Show an empty category in a frequency table

classic Classic list List threaded Threaded
7 messages Options
Reply | Threaded
Open this post in threaded view
|

Show an empty category in a frequency table

anafuster
It is the first time I use SPSS so I'm beginner and I have a problem.
How can I show an empty category in a frequency table?

I have a nominal variable, for example "Q1 - Which list has more movies that you find appealing?", it has 6 possible categories, one for each algorithm {1="ItemItem"; 2="Lucene"; 3="Persmean"; 4="Popular"; 5="SVD"; 6="UserUSer"}.(I have defined it on the variable view as Value labels)
But when nobody has opted for one of the algorithm, the category doesn't appear when I do the chi-squared test or the frequency analysis. For example, in the case of the group analysis the answers for this questions are:
       
        Observed Count Value Label
                6          ItemItem
                1          Lucene
                0         Persmean
                3          Popular
                0            SVD
                0         UserUser

And the results obtained with the chi-squared test are:

Q1Accuracy
        Observed N Expected N Residual
ItemItem 6   3,3          2,7        
Lucene 1   3,3 -2,3
Popular 3   3,3          -,3
Total 10

But the expected count should be 1,6 instead of 3,3.

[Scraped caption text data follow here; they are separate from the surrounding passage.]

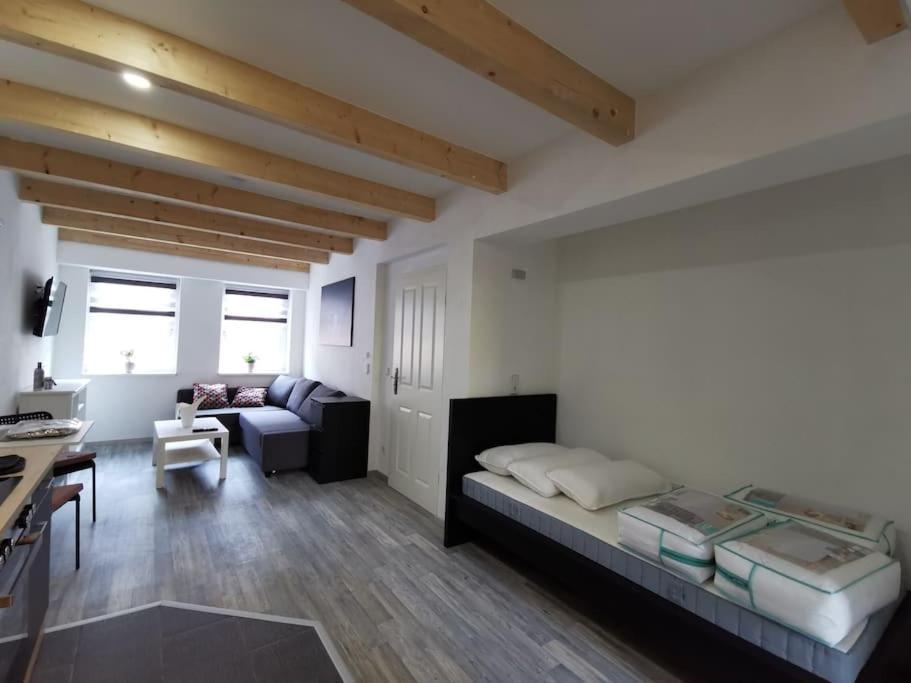 Altstadt-Apartment & Fewo Og Fuer Max 3 Pers Хальденслебен Экстерьер фото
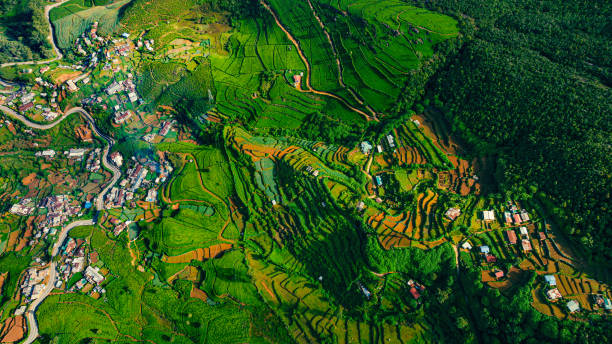 Aerial drone view of tea fields in Nuwara Eliya, Sri Lanka stock photo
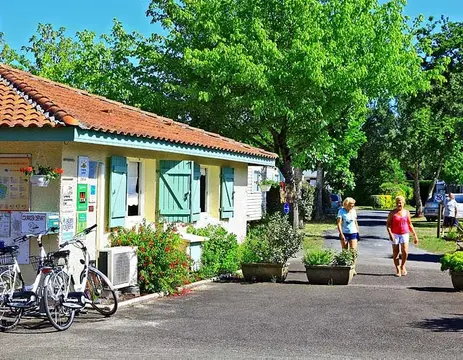 Les Acacias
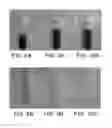 Fig. 09 - AGGLOMERATION OF HIGH SURFACE AREA RARE EARTHS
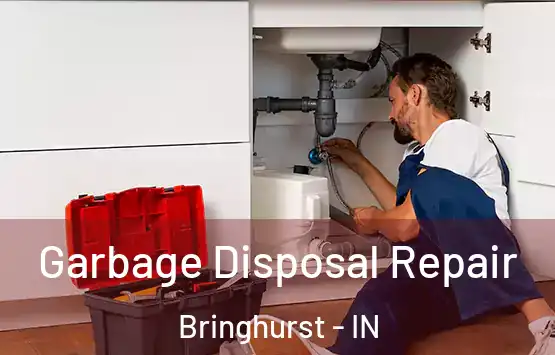  Garbage Disposal Repair Bringhurst - IN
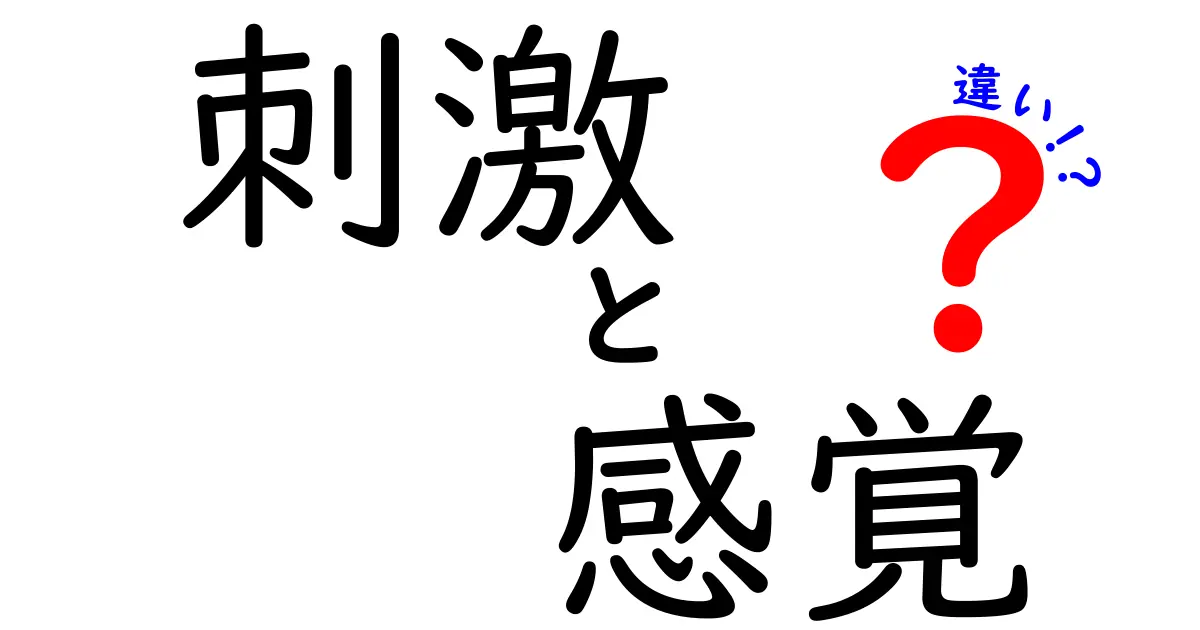 刺激と感覚の違いを徹底解説！知識を深めよう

What I want it's that all the categories appear on the analysis even if it is with  Observed Count = 0.
Do you know how  can I manage it?

Thanks in advance!
Reply | Threaded
Open this post in threaded view
|

Re: Show an empty category in a frequency table

Andy W
Something like this should do it:

NPAR TESTS
  /CHISQUARE=Q1Accuracy (1,6)
  /EXPECTED=EQUAL.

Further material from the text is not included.